▸ Task prompt:
From the records below, extract only the lines running from the line with "Dental implant treatment" to the line with "Sore throat with", both lines included, reproducing them exactly.

▸ Available data:

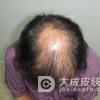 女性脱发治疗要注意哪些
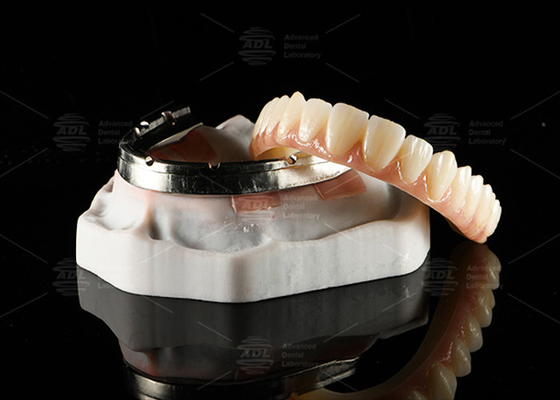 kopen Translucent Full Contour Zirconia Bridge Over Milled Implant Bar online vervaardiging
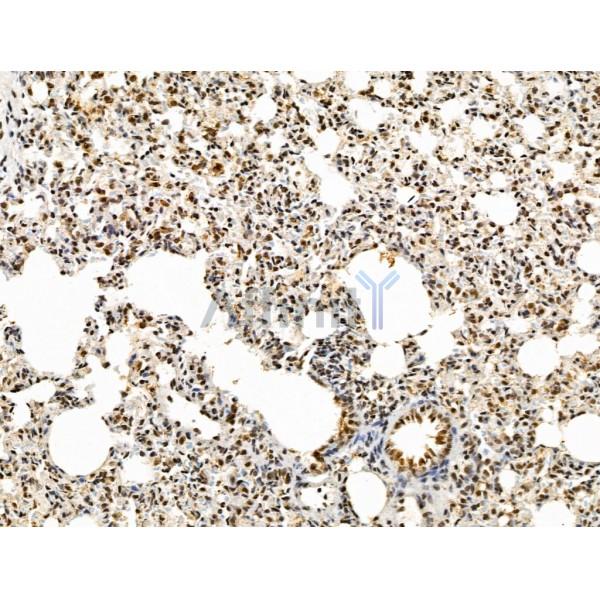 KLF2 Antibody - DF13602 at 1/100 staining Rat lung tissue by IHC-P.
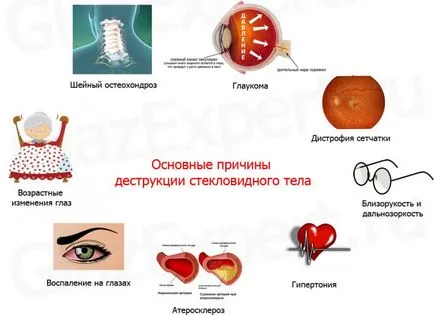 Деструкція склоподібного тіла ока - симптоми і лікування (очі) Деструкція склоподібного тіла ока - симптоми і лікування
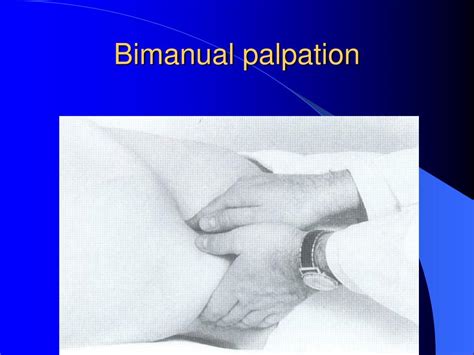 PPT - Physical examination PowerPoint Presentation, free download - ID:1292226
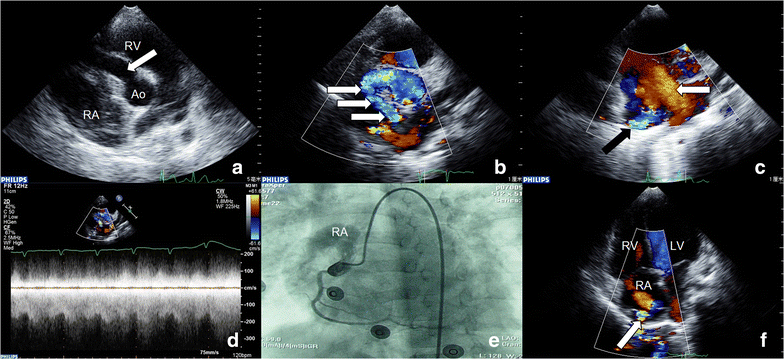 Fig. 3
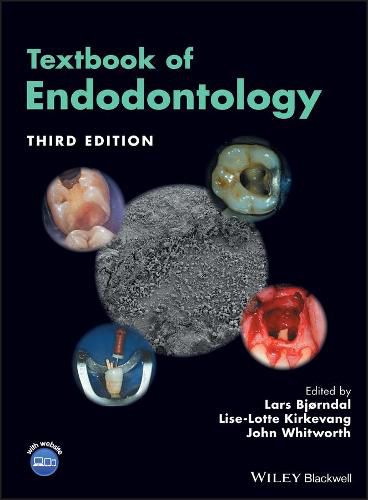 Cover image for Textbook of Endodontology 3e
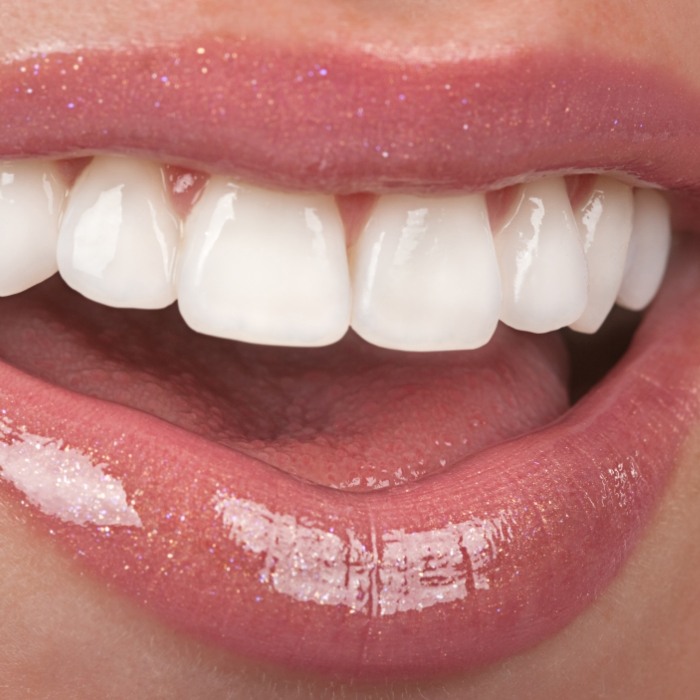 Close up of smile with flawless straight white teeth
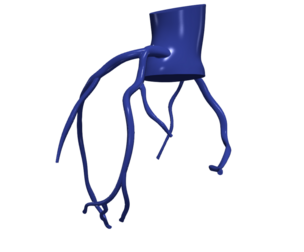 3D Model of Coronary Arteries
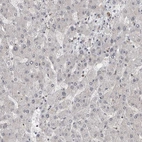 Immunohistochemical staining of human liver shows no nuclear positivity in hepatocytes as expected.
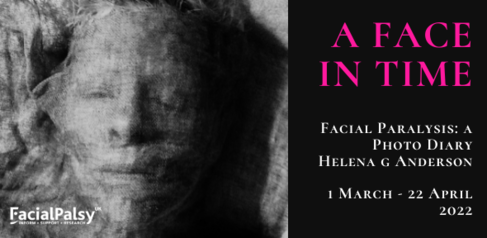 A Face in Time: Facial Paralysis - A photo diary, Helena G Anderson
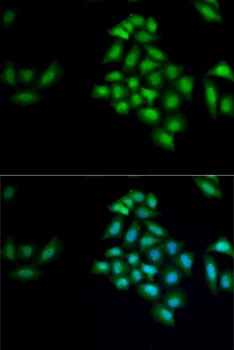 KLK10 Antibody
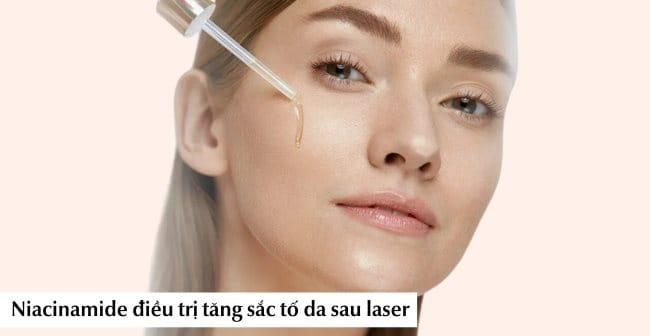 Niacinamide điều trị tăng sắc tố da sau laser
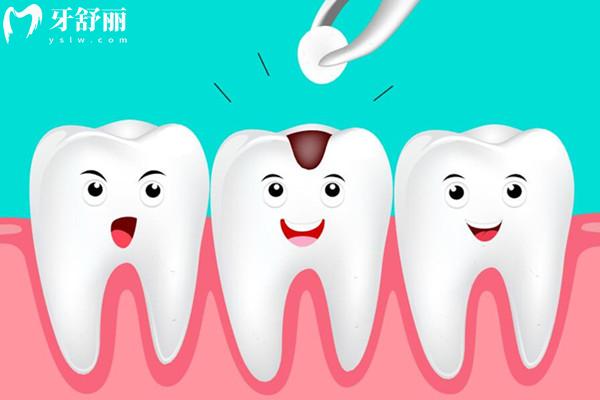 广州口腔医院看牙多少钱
--
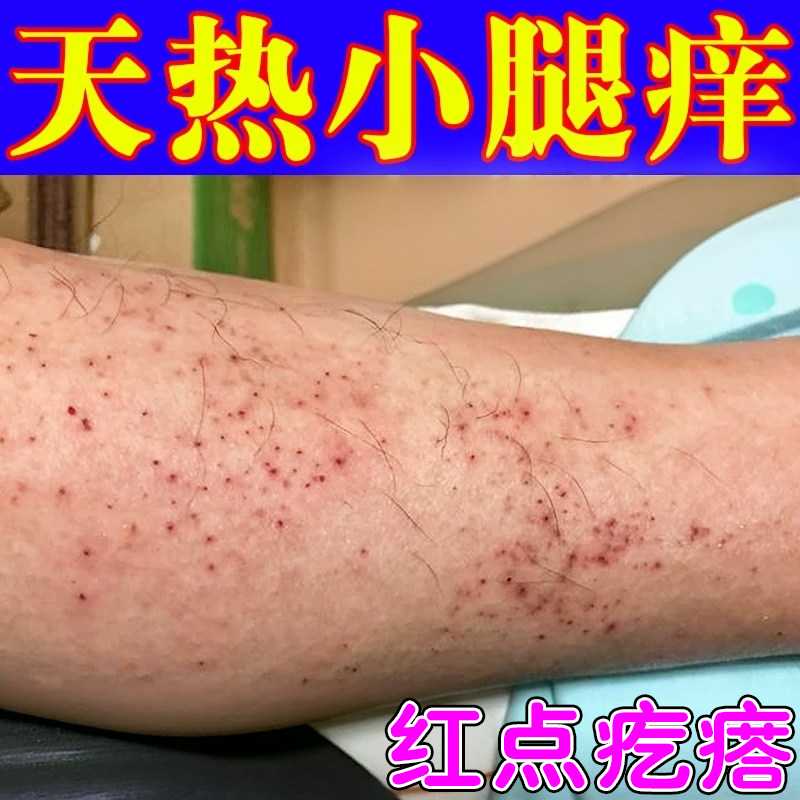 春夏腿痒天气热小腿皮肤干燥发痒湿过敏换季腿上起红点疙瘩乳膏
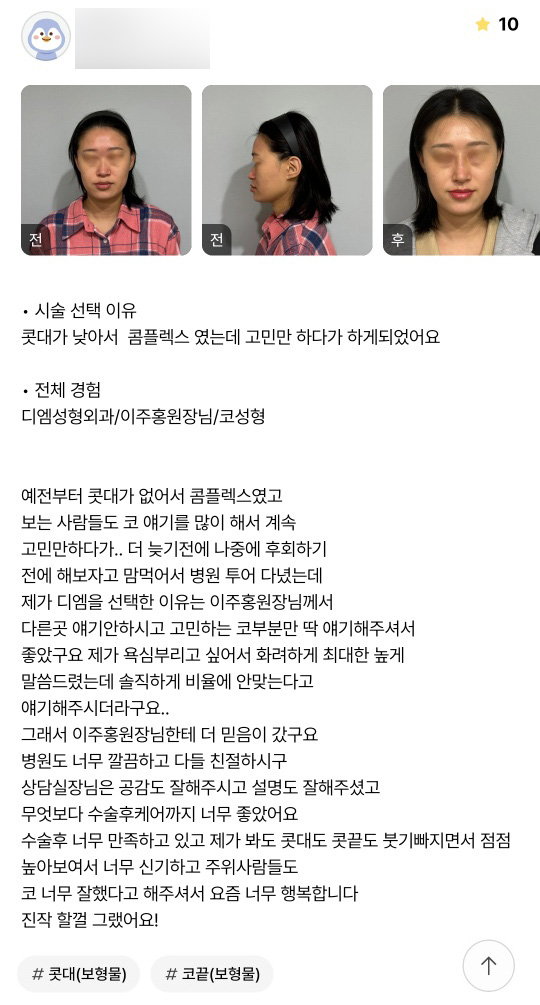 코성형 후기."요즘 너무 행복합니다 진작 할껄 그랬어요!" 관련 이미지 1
* * *
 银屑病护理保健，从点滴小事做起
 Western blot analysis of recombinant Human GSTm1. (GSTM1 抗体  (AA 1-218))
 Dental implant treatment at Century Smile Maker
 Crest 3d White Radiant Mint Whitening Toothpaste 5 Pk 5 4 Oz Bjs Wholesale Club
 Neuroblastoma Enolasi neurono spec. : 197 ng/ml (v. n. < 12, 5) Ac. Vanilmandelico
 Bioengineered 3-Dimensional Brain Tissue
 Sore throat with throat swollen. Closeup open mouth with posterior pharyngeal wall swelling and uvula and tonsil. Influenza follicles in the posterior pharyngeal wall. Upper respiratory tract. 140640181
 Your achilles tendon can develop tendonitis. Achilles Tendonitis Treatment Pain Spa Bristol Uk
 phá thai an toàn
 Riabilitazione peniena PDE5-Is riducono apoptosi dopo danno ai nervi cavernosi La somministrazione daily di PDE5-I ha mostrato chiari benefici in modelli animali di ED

▸ Solution to this exercise:
 Dental implant treatment at Century Smile Maker
 Crest 3d White Radiant Mint Whitening Toothpaste 5 Pk 5 4 Oz Bjs Wholesale Club
 Neuroblastoma Enolasi neurono spec. : 197 ng/ml (v. n. < 12, 5) Ac. Vanilmandelico
 Bioengineered 3-Dimensional Brain Tissue
 Sore throat with throat swollen. Closeup open mouth with posterior pharyngeal wall swelling and uvula and tonsil. Influenza follicles in the posterior pharyngeal wall. Upper respiratory tract. 140640181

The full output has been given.